The unit size of the vector table depends on what chip you use. For example ATTiny chips use 2 bytes (1 instruction) for each vector in the table.

The reason for allowing multiple instructions worth on the larger processors is to allow for the use of larger instructions.

For an AVR, the RJMP instruction is a 2 byte instruction for relative jump - however it can only access +/-4kB displacement from the vector table. This is fine on the smaller processors with <8kB of Flash as it allows ISRs (Interrupt Service Routines) to be placed anywhere within the flash memory. However for larger AVRs such as the 32kB flash ATMega328, this is not enough (*).
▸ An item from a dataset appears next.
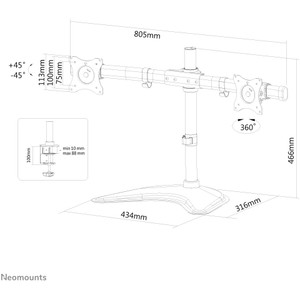 Neomounts Full-Motion-Tischhalterung für 10-27" Bildschirme 16KG NM-D335DBLACK Black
To access the full flash space you need to use the JMP instruction. This is a direct jump which allows you to access up to 4MB of flash. However the JMP instruction is actually a 4 byte instruction. In order to use these in the vector table you need to allow 2 instruction words for each vector. And this is just what they do.

It is still perfectly possible to use RJMP or any other single word instruction within a two word vector table. All you do is add an additional NOP after it to pad out the instruction to two words.

Additionally you don't necessarily have to jump anywhere. Imagine your ISR was required to do nothing more than set a bit in an IO register. On an AVR you can if the register is within range you can use the SBI or CBI instruction to do this. Because that doesn't have any side-effects on the ALU flags, you can within a two instruction vector table construct your entire ISR (SBI instruction followed by RETI instruction) and save all the overhead of jumping to an ISR.


(*) It is actually possible, though slower, to use what are called "trampolines". This is basically a case of placing a single JMP instruction in the flash within +/-4k displacement from the vector table. The vector table contains an RJMP instruction that jumps to the nearby JMP instruction which in turn jumps to anywhere in the flash.